December 9, 2013 at 11:36 am
I've got a DB that has one table that is currently using about 52GB and I need to free up some space in the DB. It's reached its set max size, and there's not really room on the disk to let it get any bigger...
What I'm looking to do is, delete about 1/2 the rows out of the largest table, once the Vendor says we can do that without breaking anything...
The table in question only has 5 columns, as follows:
OID (PK, numeric(19,0), not null) {Also has a clustered index on it}
C_Type (numeric(1,0), not null)
C_SZ (int, not null)
C_DATA_TXT (ntext, null)
C_DATA_BIN (image, NULL)
There are no other indexes on the table, and no foreign keys either referencing it, or on it.

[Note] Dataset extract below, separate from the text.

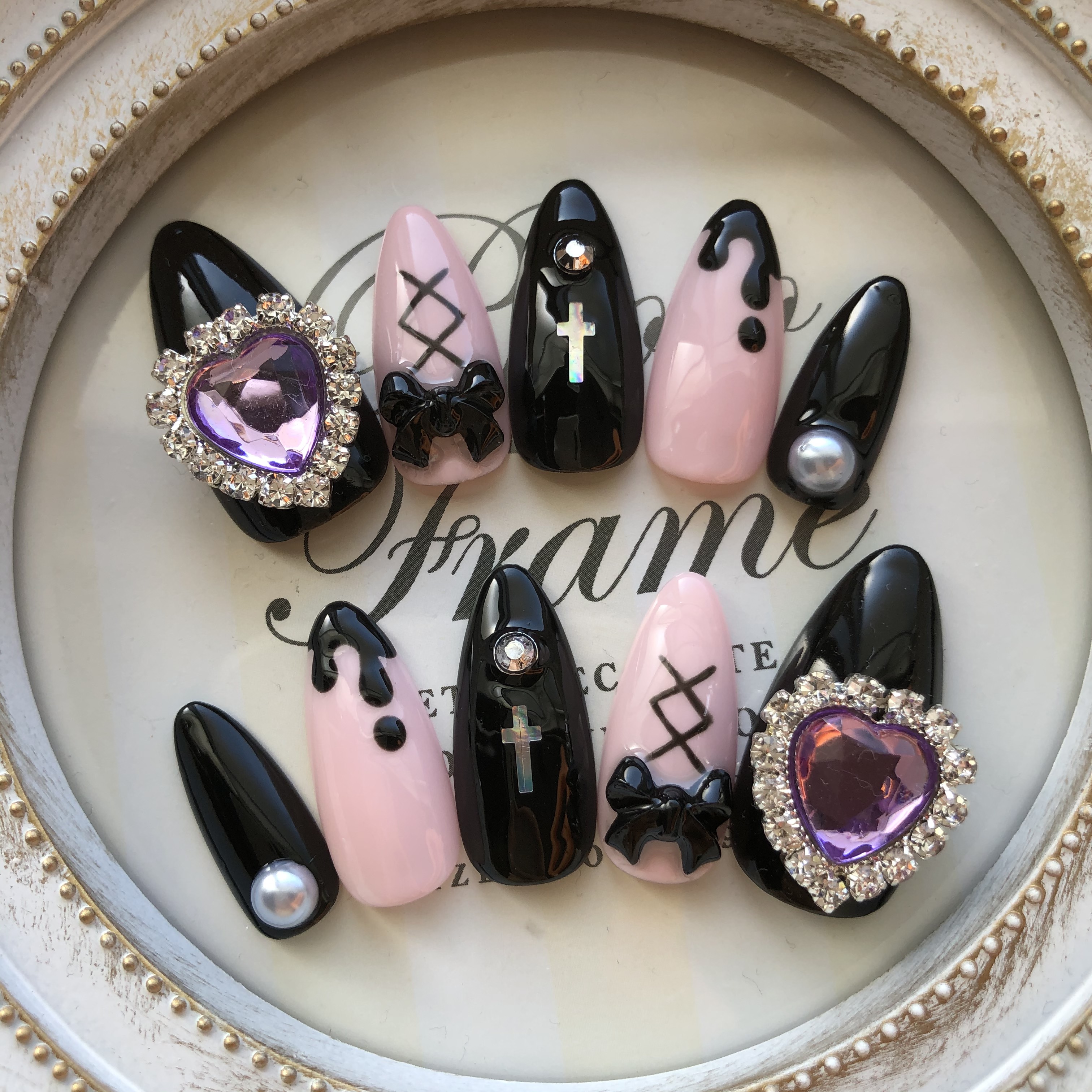 No.8】量産型地雷姫系 ネイルチップ 肉球×猫×ハート 地雷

I'd enable compression on the table, but it will have no effect due to the ntext. I came up with the following to delete only a percentage of the current records, freeing up space in the DB to keep things going until I get more disk space...

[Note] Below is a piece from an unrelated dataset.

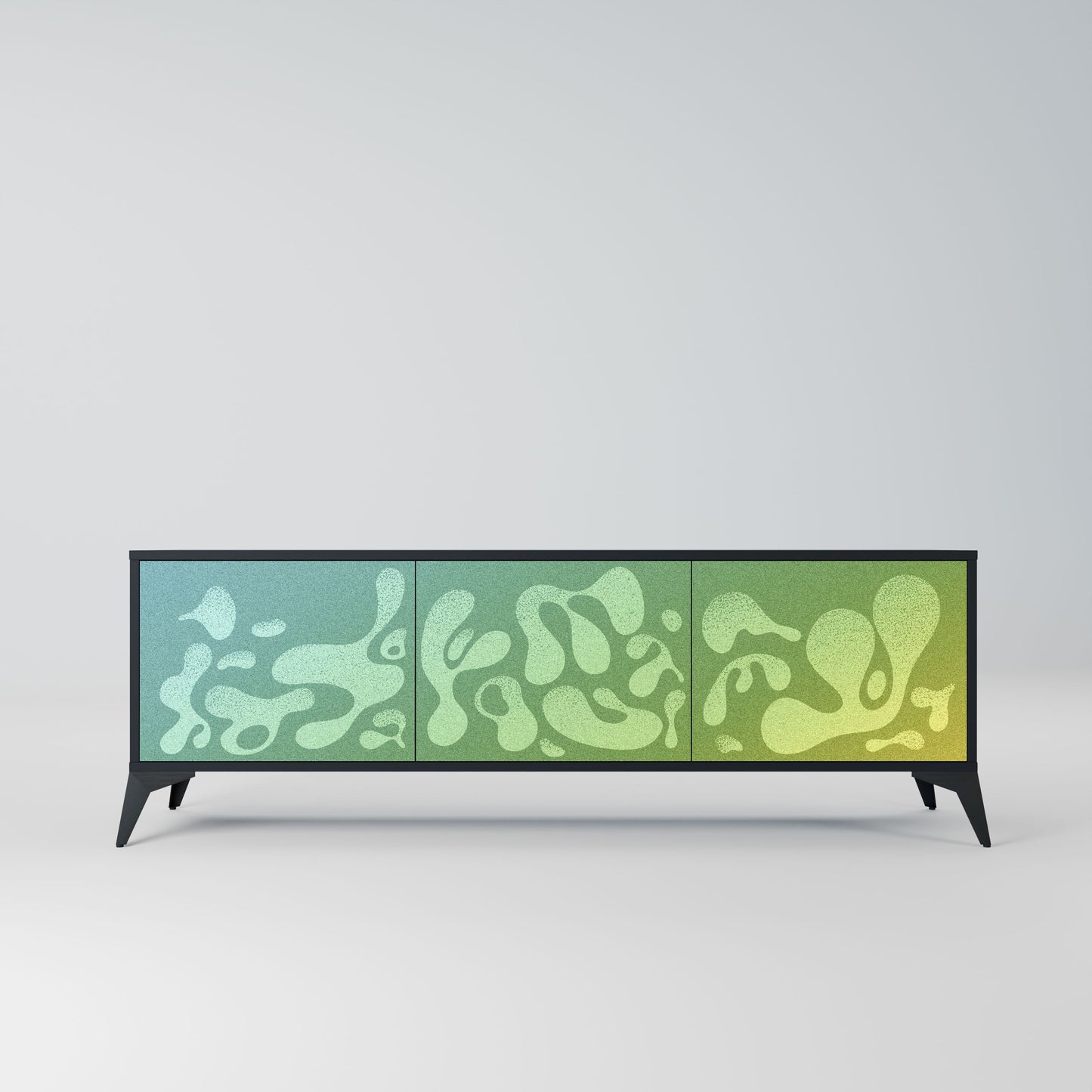 IRREGULAR BLUE 3-Door TV Stand in Black Finish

if exists (select * from tempdb.sys.all_objects where name like '%#deleteoids%')
drop table #deleteoids
select top (50) percent oid as [oiddelete] into #deleteoids from [problem].
order by oid asc
--Replace the "select cnts.oid, doids.oiddelete" with "delete *" when running for real
select cnts.oid, doids.oiddelete from [problem].
as cnts
inner join #deleteoids as doids
on doids.oiddelete = cnts.oid
if exists (select * from tempdb.sys.all_objects where name like '%#deleteoids%')
drop table #deleteoids;
My big concern is the inner join. Some things I've tracked down seem to indicate it will work, some say it won't, and some indicate you need to jump through a few more hoops than I've got...
I might also wrap everything between the two "if exists" with a begin / end transaction, although a partial delete would still be a "win" for me...
Thanks all!
Jason
December 9, 2013 at 12:28 pm
I don't think you can say "delete *" - it's just "delete from" but I'm a little uneasy about the approach of deleting with an inner join. Then again, I've never tried it. 😛
As an alternative, since a CTE can be manipulated as the table itself, could you use the following approach? This would eliminate the creation of the temp table. You could check it by using a SELECT instead the DELETE. I tested this on your table structure using 1M rows and took it down 50% several times.
with cte as (
select top 50 percent oid
from problem_table
order by OID asc)
delete from cte;
Two noteworthy items:
1. I would definitely test it first. After all, this is production we're talking about.
2. Deleting half of a 52 GB table can cause some pretty hefty growth of your transaction log. You say you already have a space problem on the data drive for this database, so I don't know if you have the same situation on your log drive. If this is likely to be a problem, you may have to bust up your delete into smaller chunks and take a backup after each chunk.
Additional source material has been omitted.